Thursday, July 5

Drawing again.

It seems that artistically, I took May and June off. I'm currently fairly preoccupied by trying to find a job for September, as my contract at my current school ends at the end of this term. I came very close to getting a job that I really really wanted and it took me about a month to get over that. 'Does not handle rejection well' should be written at the bottom of my CV. Recently I've been joining teaching agencies like there's no tomorrow, so it looks as though I shall be supply teaching come September. This has never been part of my plan but I tell myself that it's an opportunity to go to different schools, meet different people, try stuff out. That's my inner Pollyanna talking. I shall probably want to punch her come September.

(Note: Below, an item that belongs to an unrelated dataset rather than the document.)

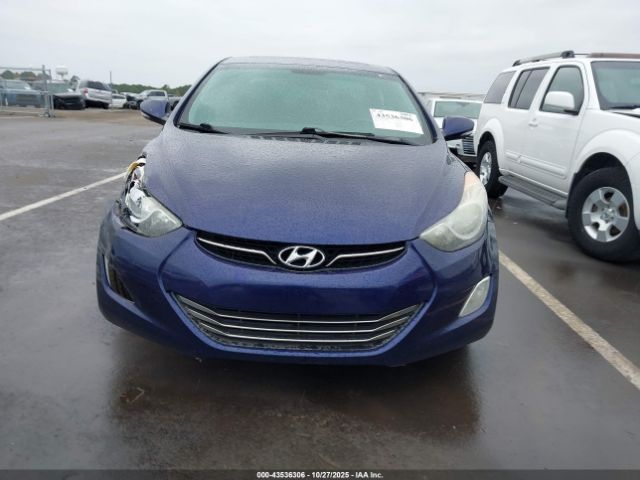 Hyundai ELANTRA Limited Image 13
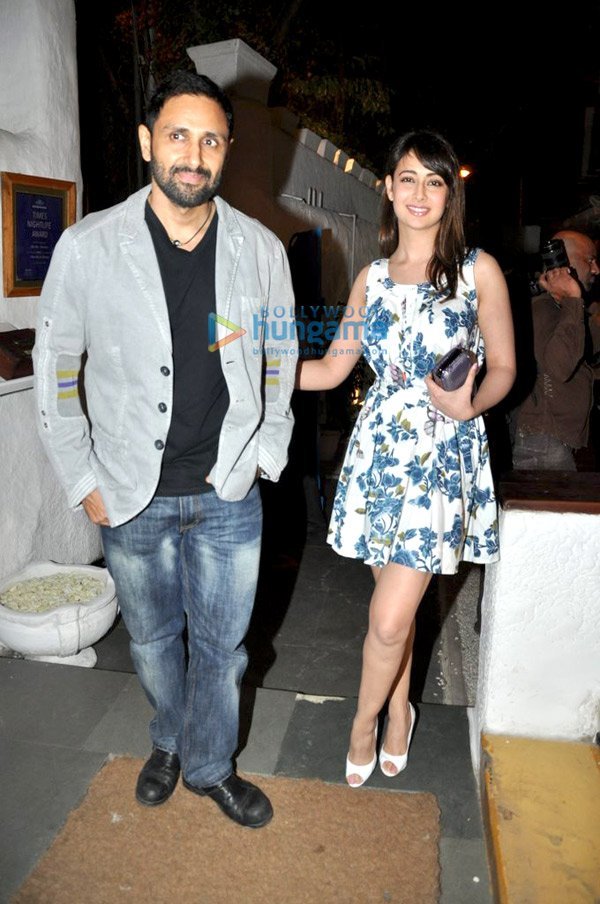 Фото - Parvin Dabas: 600x904 / 109 Кб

Actually, I lie: I have done some drawing before this week but it was on my (new: woo!) iPad. This was initially great, and then I realised that the iPad allows me to delete things far too easily. As someone who struggles to get going artistically I do not need to be working with a device that allows me to abandon my work at the touch of a virtual button. At least if I do a rotten drawing in a sketchbook it is still there in a months time, proving that I at least made the effort (and often not as bad as I thought). So at the beginning of this week I returned to my sketchbook. For the first time in ages I had no reason to stay  away: no apointments, no friends to have coffee with, no books that needed reading, no excuses. To use pencil on paper has been enormously pleasurable after the slippery iPad screen. Even the HB pencil with a rubber on the end that I found laying on the table. And it turns out that I'm quite skilled with one, too. I'm sure I could become as accomplished on the iPad if I wanted to, but I think i'll stick with the lo-tech option for the time being.

So, back to drawing (and blogging ) - good. Holidays coming up and therefore more time - even better. I'll leave you with today's drawing which actually I cleaned up using the iPad, so I haven't abandoned it as an artistic tool altogether. It needs a frame of some sort, but I haven't worked out how.

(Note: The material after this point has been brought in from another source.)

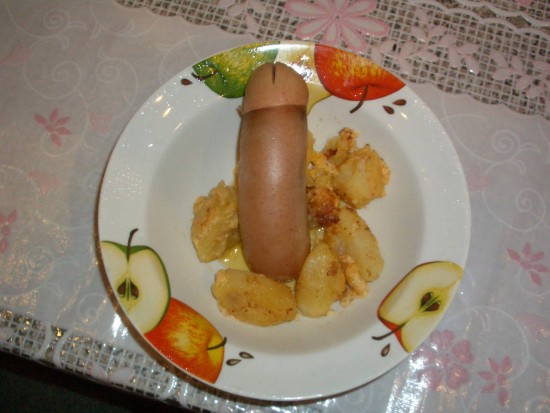 Он на блюде.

line drawing of a jug on a circular table with a plate of two figs
Jug and figs.





Sunday, May 6

How not to be an artist.

Starting something new is a battle that I forget about every time I've finished something. Flushed with the success of completion, I imagine just how easy it is going to be to make the next thing. A doddle! I've mentally finished before I even start.

And then it begins: the graft. Or in my case, the grumbling.

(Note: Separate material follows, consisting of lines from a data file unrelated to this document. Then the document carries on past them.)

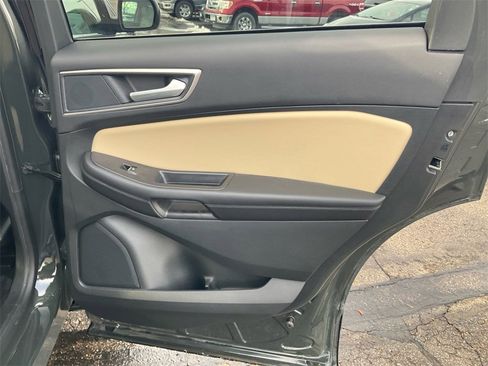 Used 2024 Ford Edge SEL w/ Convenience Package image 19
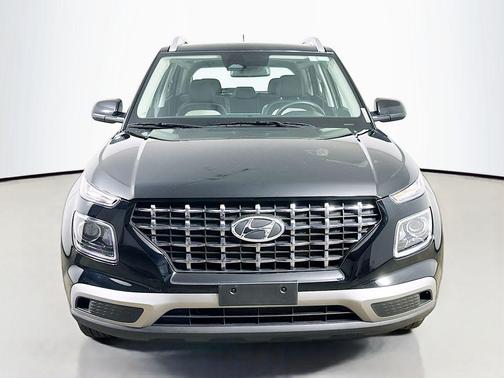 Onyx Black 2025 Hyundai VENUE SEL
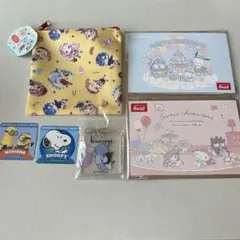 アベイル サンリオ ポストカード 初音ミク ポーチ ユニバ シール アクキー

I've been trying to start a new painting since Thursday. First of all there was the impossibility of getting the right flowers. I phoned three flower shops, none of whom had anenomes. They've gone out of season apparently, even though there are some growing at work. I went all the way into town hoping that there'd be some flowers I liked up there. No. On the train on the way home I thought maybe I'd pick some lilac. There is a lot of lilac out of train windows at the moment. All the lilac I could find (in someone's garden so not strictly accessible) was going over, and not pink enough. I abandoned the lilac idea.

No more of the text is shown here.